======== Dataset extract ========

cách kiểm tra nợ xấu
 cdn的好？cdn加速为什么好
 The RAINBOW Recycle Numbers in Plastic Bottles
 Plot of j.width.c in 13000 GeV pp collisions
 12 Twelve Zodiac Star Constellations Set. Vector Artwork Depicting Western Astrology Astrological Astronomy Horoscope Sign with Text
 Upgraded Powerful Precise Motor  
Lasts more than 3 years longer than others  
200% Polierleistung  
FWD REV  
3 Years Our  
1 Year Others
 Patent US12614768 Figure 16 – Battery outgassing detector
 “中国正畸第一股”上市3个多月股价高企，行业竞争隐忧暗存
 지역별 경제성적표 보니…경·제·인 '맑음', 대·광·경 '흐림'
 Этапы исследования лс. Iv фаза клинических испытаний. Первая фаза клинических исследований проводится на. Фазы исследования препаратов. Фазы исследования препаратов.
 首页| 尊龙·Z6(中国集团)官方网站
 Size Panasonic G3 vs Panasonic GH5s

========

# Exercise instructions
Set down, exactly as they appear, the line holding "Upgraded Powerful Precise Motor" and every line after it until the records end.

# Exercise solution
 Upgraded Powerful Precise Motor  
Lasts more than 3 years longer than others  
200% Polierleistung  
FWD REV  
3 Years Our  
1 Year Others
 Patent US12614768 Figure 16 – Battery outgassing detector
 “中国正畸第一股”上市3个多月股价高企，行业竞争隐忧暗存
 지역별 경제성적표 보니…경·제·인 '맑음', 대·광·경 '흐림'
 Этапы исследования лс. Iv фаза клинических испытаний. Первая фаза клинических исследований проводится на. Фазы исследования препаратов. Фазы исследования препаратов.
 首页| 尊龙·Z6(中国集团)官方网站
 Size Panasonic G3 vs Panasonic GH5s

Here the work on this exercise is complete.